**WHAT TO DO:** Could you reproduce the lines below from the one with "assignment help answers" through the one with "Letto per bambini"? Keep both ends and add nothing.

** Opening MATERIAL PROVIDED block **

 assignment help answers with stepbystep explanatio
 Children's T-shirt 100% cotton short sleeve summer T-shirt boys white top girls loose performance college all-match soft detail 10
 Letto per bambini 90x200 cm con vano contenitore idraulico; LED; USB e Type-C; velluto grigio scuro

** Closing MATERIAL PROVIDED block **
** Opening MATERIAL PROVIDED block **

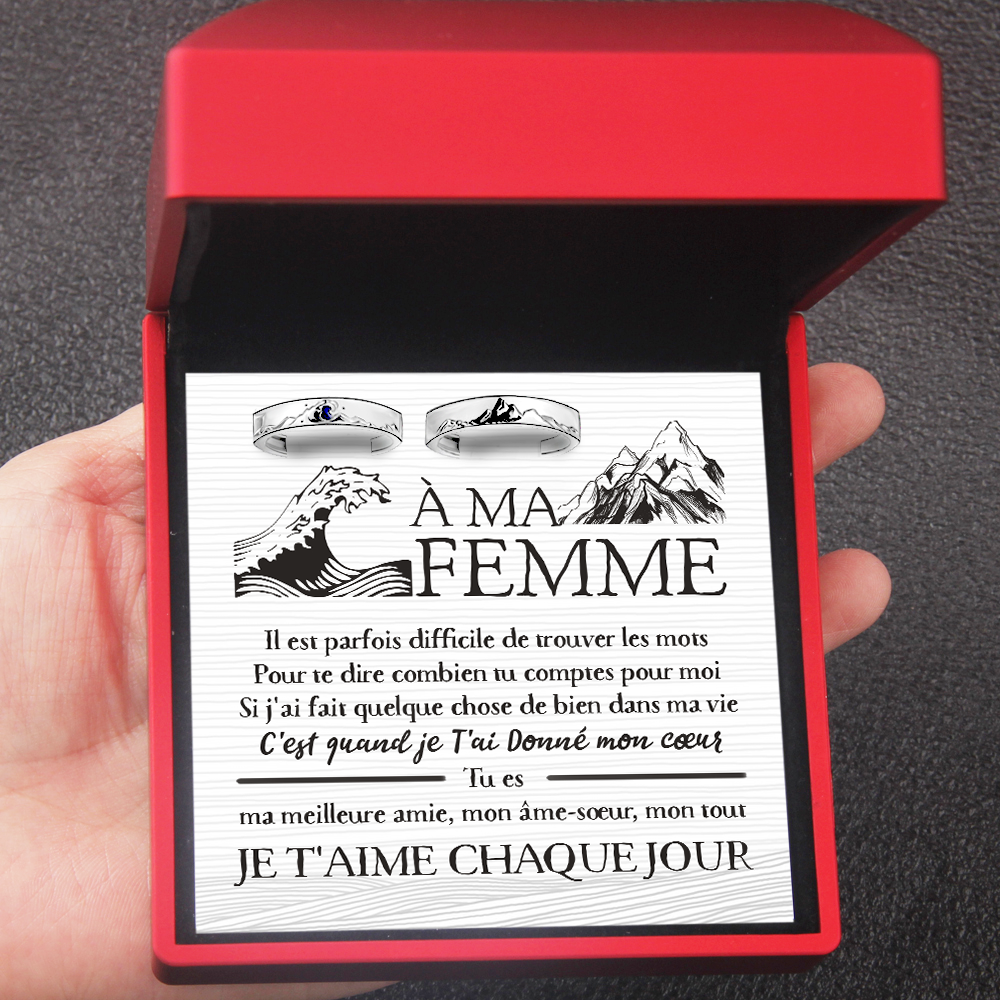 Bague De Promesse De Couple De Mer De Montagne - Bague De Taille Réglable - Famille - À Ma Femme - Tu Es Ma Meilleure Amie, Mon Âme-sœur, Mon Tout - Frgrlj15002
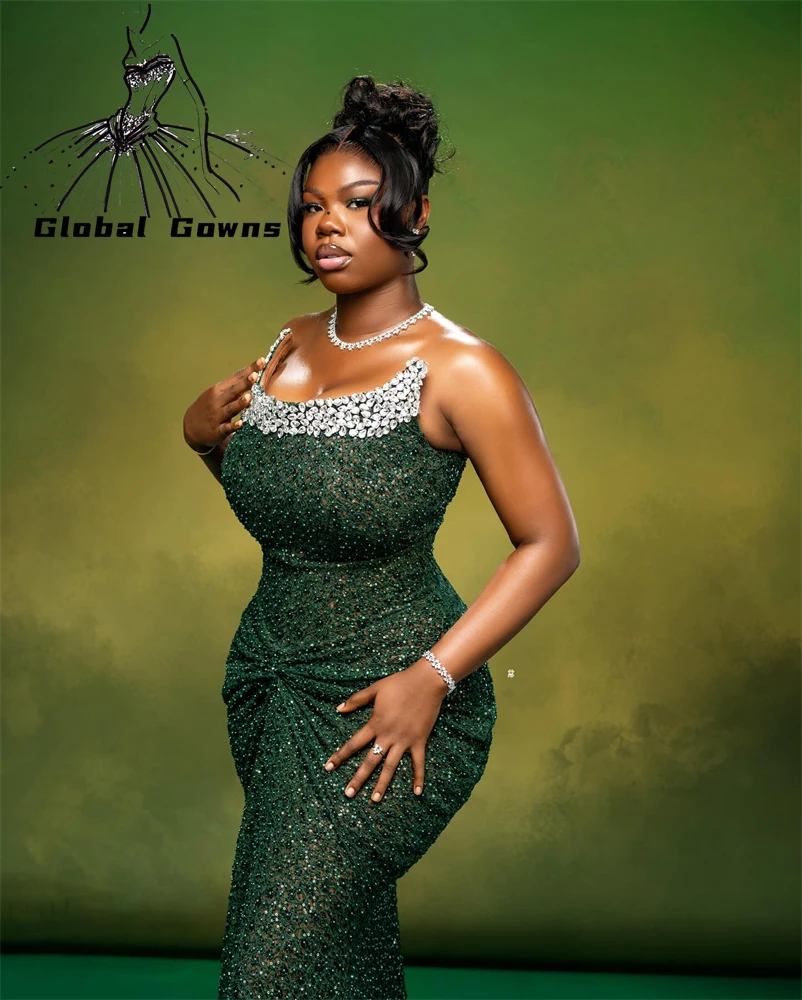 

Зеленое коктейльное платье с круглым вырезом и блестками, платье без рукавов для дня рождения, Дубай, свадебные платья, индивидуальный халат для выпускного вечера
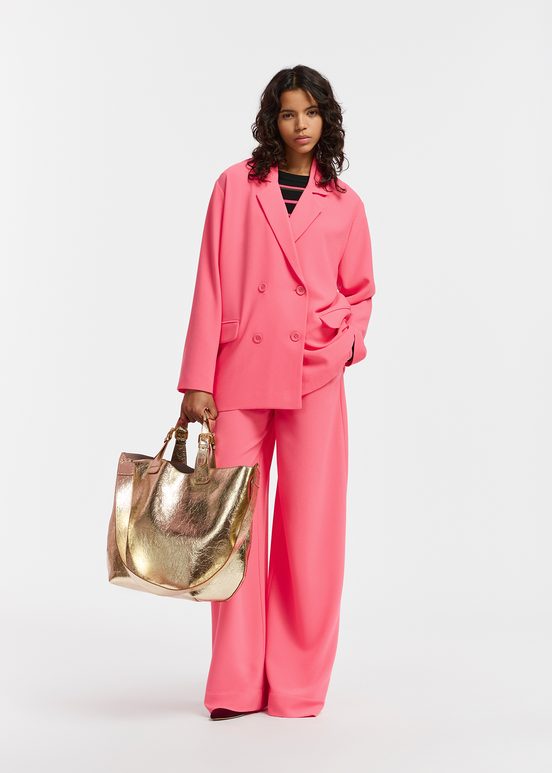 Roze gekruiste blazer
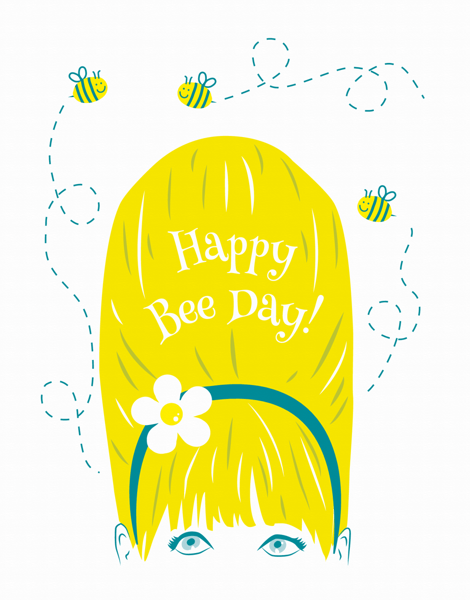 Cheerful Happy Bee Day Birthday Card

** Closing MATERIAL PROVIDED block **

**ANSWER BOX:**
 assignment help answers with stepbystep explanatio
 Children's T-shirt 100% cotton short sleeve summer T-shirt boys white top girls loose performance college all-match soft detail 10
 Letto per bambini 90x200 cm con vano contenitore idraulico; LED; USB e Type-C; velluto grigio scuro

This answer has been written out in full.